Saturday, June 10, 2017

Getting Back on the Carousel

I used to think that the way to do things was to "learn discipline," to figure out how to do them every day and never stop. I'm actually great at discipline and habits, it turns out, but that's never been the real answer for me.

So much more important than learning how to do things daily, and so much more important than learning how to make a rigid schedule and stick to it, is learning what to do when that's not what happens.

I call this "getting back on the carousel."

How do I pick up a notebook I haven't touched in a while? How do I go back to the library when I owe them fines for overdue books? I used to go to events that group put on—but how do I face them if I haven't been there for a while?

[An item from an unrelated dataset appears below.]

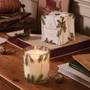 THYMES Frasier Fir - Pine Needle Poured Candle, 13oz 
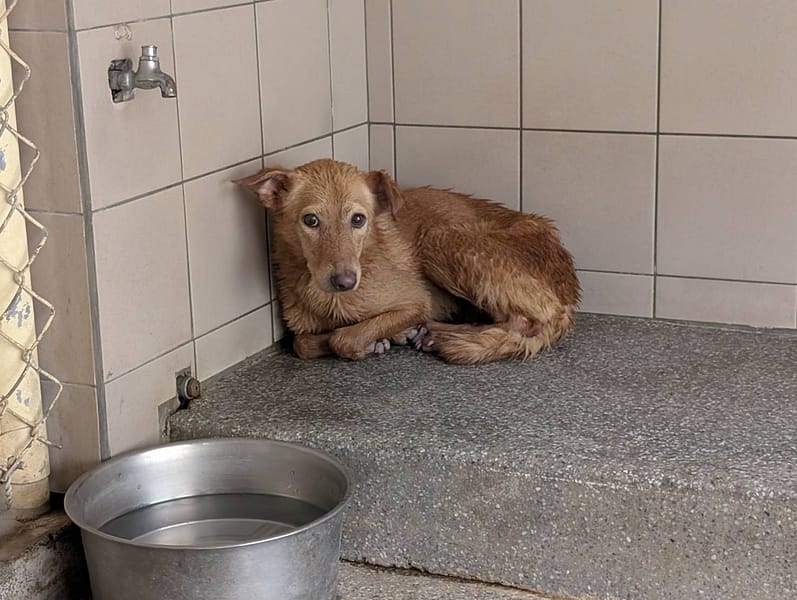 【待認養】混種犬 狗 (女生) - 高雄市燕巢動物保護關愛園區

The reason I call this getting back on the carousel is because the sensation sometimes reminds me of trying to jump onto an object that's already spinning and moving. People have carried on while I was away, or sick, or busy with other things. Nothing is in the place I remembered it being. This is true even if the thing in question only has to do with me. A story I was writing never seems to be quite in the condition I left it in.

For me, it takes a lot of bravery to jump onto that spinning carousel. There's a part of me that wants to go away and never ride a carousel again.

I think this is the source of the admonishments to establish rigid habits and never break them. It's true in my experience that there's an easy flow to following a habit that's solidly in place.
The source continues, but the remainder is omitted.